Indubitably, the parties in the JM Tuason cases were both claiming ownership over the same subject lots.1âшphi1 There was no issue on the identity of these lots. Macalindong and Lumanlan never denied that JM Tuason had registered title over them but insisted that their right thereto was superior to that of JM Tuason.

The situations in Legarda and JM Tuason are not too different from each other. In both cases, the parties laid conflicting claims of ownership over the same lot or area. In stark contrast, the present petition does not present conflicting claims of ownership. It hinges solely on the merits of Hillview's defense of good faith vis-à-vis its encroachment on a portion of petitioners' property.

Considering such fundamental difference between Legarda and the JM Tuason cases, on the one hand, and the present case, on the other, the standard of constructive notice in the former cases for the purpose of upholding or rejecting one's claim of good faith cannot be applied here.

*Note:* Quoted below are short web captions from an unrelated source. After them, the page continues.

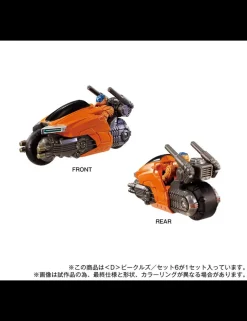 Takara Tomy Diaclone Reboot D Vehicles Set 6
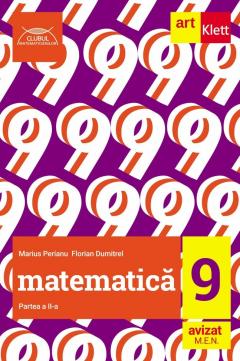 Matematica - Auxiliar, clasa a IX-a, partea a II-a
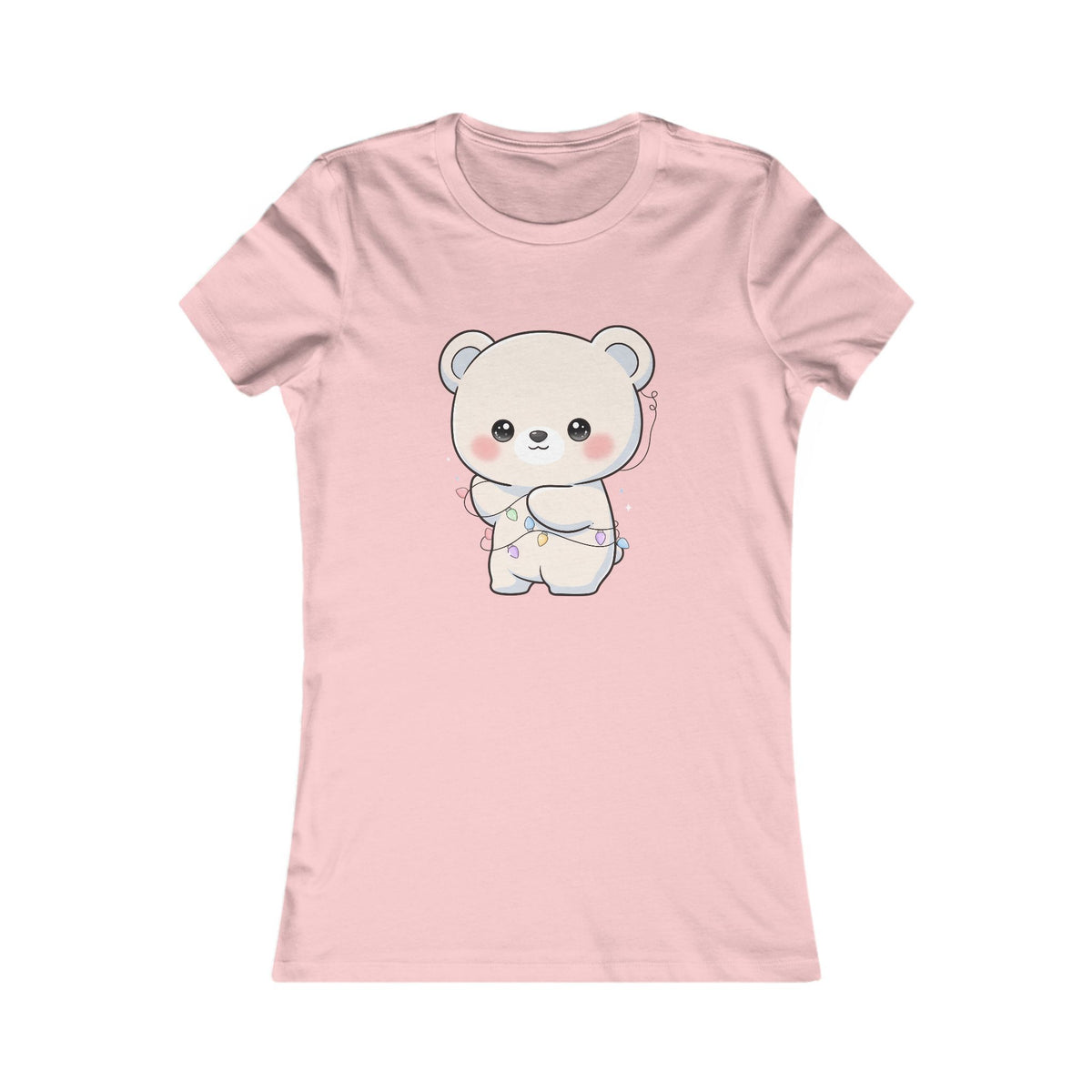 Kawaii Polar Bear Tee for Cute Winter Style
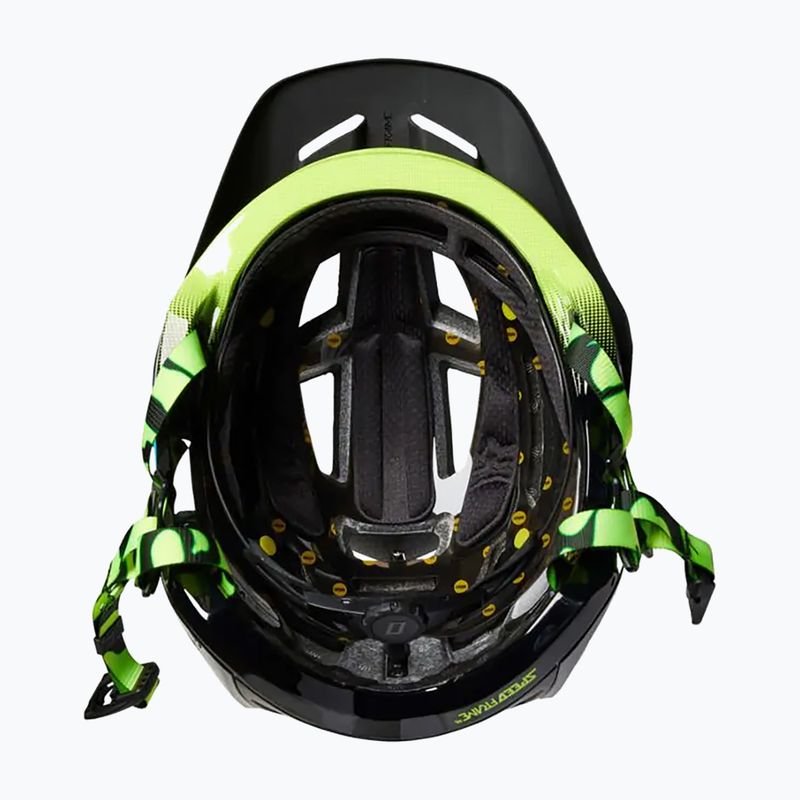 Cyklistická přilba FOX Speedframe Pro Lunar černá 29881-001 14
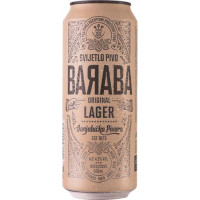 BIRRA BARABA LAGER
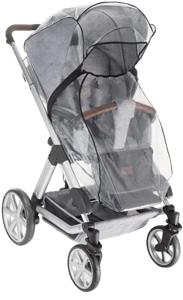 Regenbescherming voor kinderwagen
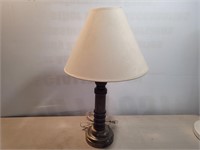 Wood Styled Lamp 15inAx25inH #CS GWO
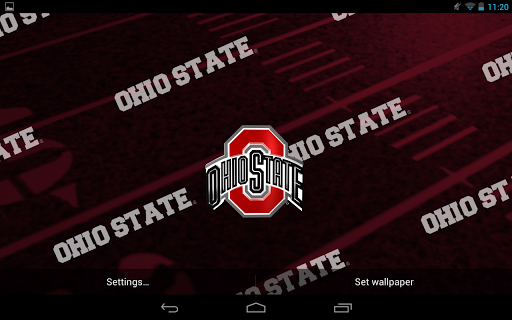 【免費運動App】Ohio State Live Wallpaper HD-APP點子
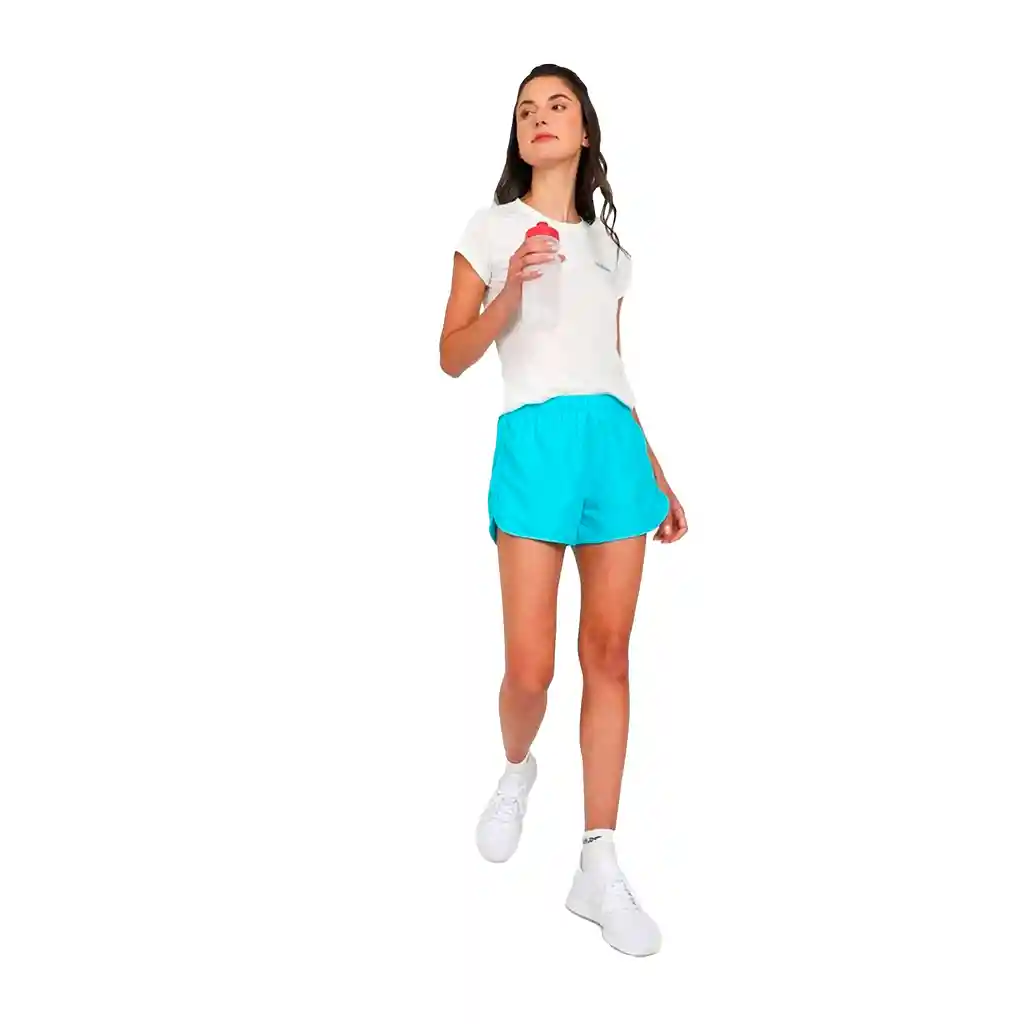 Camiseta Cuello Redondo Wilson Ultra Light 58986 Mujer Gym Blanco L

We should instead apply Co Tao v. Joaquin Chan Chico4 and Tecnogas Philippines Manufacturing Corporation v. Court of Appeals.5

In the 1949 En Banc case of Co Tao, Chico was the owner of a property described as Lot No. 7 and covered by Certificate of Title No. 24239. Co Tao owned the adjoining lot No. 6. The conflict arose when Chico asserted that the house constructed by Co Tao encroached on a portion of Chico's land. After due proceedings, the Court ultimately found it was actually Chico who encroached on Co Tao's property by 6.97 sqm.; not the other way around. The Court emphasized though that the fact alone that Co Tao's property was registered did not automatically mean that Chico was a builder in bad faith insofar as the encroachment was concerned. The Court aptly decreed:

xxx It is but stating the obvious to say that outside of the individuals versed in the science of surveying, and this is already going far, no one can determine the precise extent or location of his property by merely examining his paper title. The fact is even surveyors cannot with exactitude do so. The disagreement among the three surveyors in the case at hand who have made a resurvey of the ground with the aid of scientific devices and of their experience and knowledge of surveying, is a graphic and concrete illustration of this truth. (emphasis and underscoring added)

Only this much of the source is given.